**DATA SEGMENT**.
-------------------------
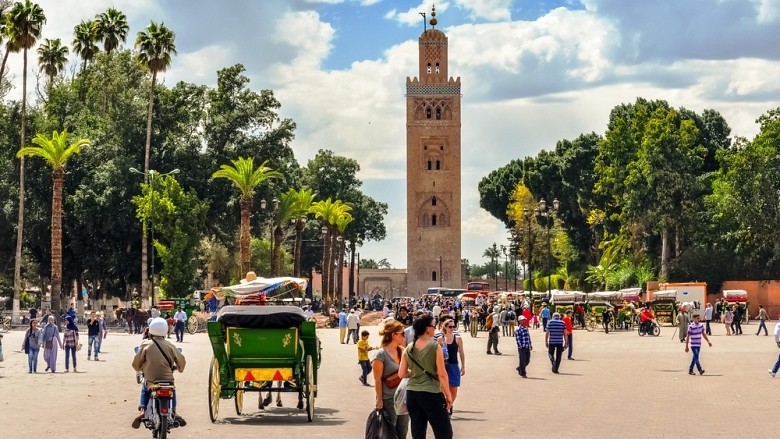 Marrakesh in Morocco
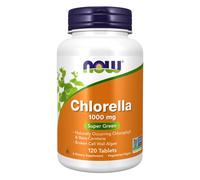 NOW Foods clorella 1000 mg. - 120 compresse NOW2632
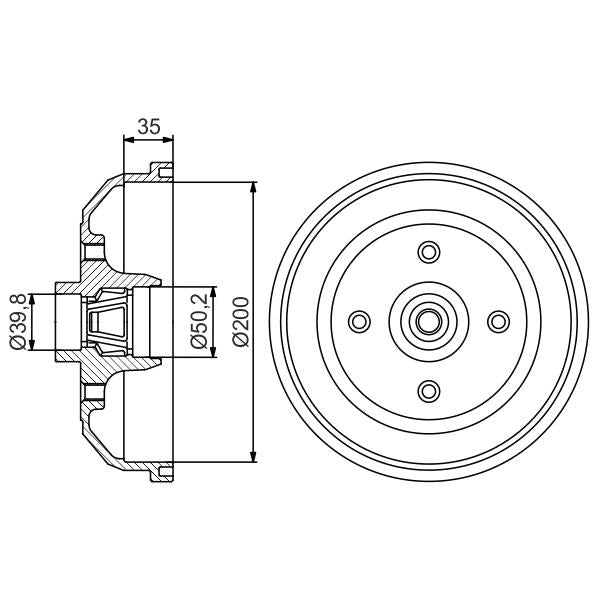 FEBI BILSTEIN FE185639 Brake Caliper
-------------------------
**WHAT YOU HAVE TO DO**. Ignore the images and quote every line of the listing exactly.

**WRITTEN ANSWER**.
 Marrakesh in Morocco
 NOW Foods clorella 1000 mg. - 120 compresse NOW2632
 FEBI BILSTEIN FE185639 Brake Caliper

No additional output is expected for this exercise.